_TASK PROMPT_
Begin at the line below that has "Mobile bagno sospeso" and stop after the line that has "Fototapeta premium Red". Please restate only those lines, word for word.

_THE DATA_
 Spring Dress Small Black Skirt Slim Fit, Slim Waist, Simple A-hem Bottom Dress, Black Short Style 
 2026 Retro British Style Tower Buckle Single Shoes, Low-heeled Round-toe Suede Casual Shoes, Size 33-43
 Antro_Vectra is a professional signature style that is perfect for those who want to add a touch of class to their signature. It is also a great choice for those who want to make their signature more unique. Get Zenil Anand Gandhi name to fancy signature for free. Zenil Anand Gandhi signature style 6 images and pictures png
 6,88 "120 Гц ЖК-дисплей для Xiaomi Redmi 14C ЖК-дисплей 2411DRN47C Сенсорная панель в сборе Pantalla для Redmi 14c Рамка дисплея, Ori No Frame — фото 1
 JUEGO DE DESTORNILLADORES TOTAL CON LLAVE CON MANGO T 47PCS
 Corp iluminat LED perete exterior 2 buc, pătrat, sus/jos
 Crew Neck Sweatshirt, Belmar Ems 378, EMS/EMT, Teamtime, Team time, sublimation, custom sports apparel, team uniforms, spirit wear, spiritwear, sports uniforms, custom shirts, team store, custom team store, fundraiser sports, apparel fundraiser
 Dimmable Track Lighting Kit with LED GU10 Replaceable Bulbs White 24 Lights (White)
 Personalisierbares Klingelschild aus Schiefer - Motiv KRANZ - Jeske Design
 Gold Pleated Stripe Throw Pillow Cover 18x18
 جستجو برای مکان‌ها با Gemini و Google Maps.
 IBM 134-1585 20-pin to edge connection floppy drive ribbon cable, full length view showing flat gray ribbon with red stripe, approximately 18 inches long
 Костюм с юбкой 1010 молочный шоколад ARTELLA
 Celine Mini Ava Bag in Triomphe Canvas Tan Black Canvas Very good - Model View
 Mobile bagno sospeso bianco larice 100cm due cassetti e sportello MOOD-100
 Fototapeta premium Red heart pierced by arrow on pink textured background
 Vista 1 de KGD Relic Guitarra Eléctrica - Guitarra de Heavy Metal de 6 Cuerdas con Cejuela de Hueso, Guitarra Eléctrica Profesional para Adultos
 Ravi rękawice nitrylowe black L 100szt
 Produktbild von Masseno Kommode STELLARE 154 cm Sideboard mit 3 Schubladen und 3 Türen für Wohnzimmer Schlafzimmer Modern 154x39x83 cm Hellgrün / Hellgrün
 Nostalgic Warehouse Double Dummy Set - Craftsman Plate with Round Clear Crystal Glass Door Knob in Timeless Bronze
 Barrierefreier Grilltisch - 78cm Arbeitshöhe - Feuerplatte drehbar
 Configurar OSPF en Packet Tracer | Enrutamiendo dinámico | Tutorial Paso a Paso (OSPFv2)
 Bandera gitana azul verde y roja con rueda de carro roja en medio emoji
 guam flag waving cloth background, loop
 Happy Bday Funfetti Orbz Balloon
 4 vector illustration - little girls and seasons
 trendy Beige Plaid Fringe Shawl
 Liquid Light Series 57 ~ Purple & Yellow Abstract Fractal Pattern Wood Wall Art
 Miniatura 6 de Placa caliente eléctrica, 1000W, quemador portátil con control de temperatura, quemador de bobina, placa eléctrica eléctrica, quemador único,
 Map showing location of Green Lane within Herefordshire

_RESULT_
 Mobile bagno sospeso bianco larice 100cm due cassetti e sportello MOOD-100
 Fototapeta premium Red heart pierced by arrow on pink textured background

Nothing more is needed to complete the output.